[EXERCISE]:
Leave every image out, and print the remaining lines below exactly.

─── DATA SHOWN ───

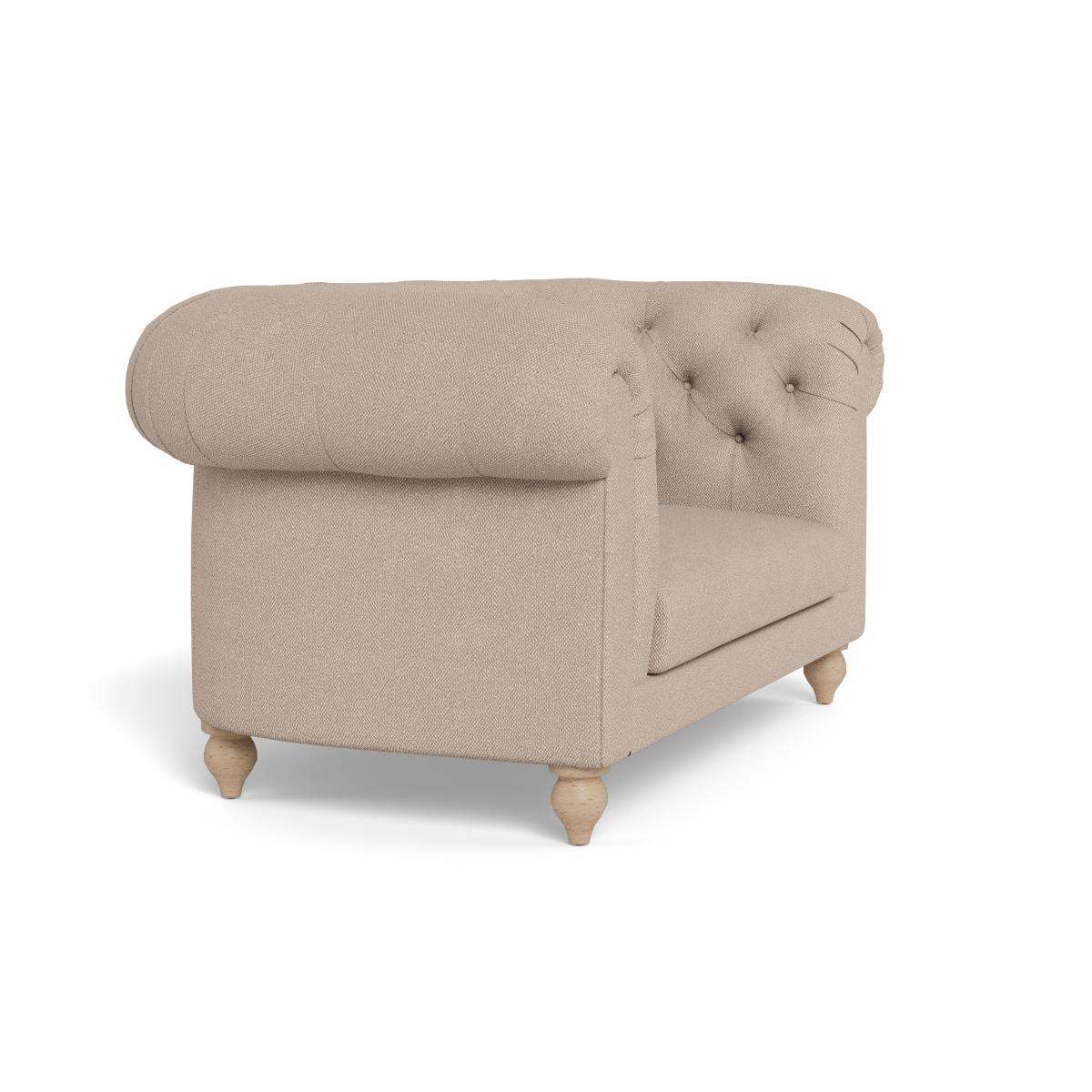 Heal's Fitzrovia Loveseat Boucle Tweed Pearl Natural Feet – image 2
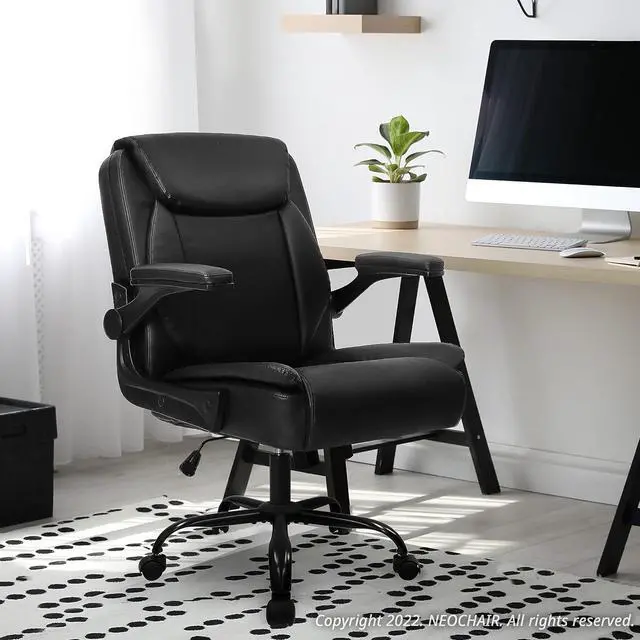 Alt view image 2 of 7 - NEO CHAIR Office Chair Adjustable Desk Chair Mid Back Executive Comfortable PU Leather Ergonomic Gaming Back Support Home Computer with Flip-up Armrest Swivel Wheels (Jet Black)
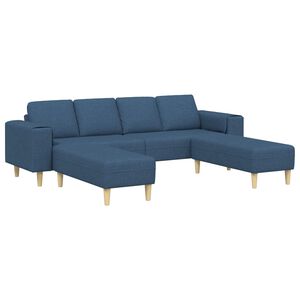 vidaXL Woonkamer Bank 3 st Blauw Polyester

───

[RESPONSE AREA]:
 Heal's Fitzrovia Loveseat Boucle Tweed Pearl Natural Feet – image 2
 Alt view image 2 of 7 - NEO CHAIR Office Chair Adjustable Desk Chair Mid Back Executive Comfortable PU Leather Ergonomic Gaming Back Support Home Computer with Flip-up Armrest Swivel Wheels (Jet Black)
 vidaXL Woonkamer Bank 3 st Blauw Polyester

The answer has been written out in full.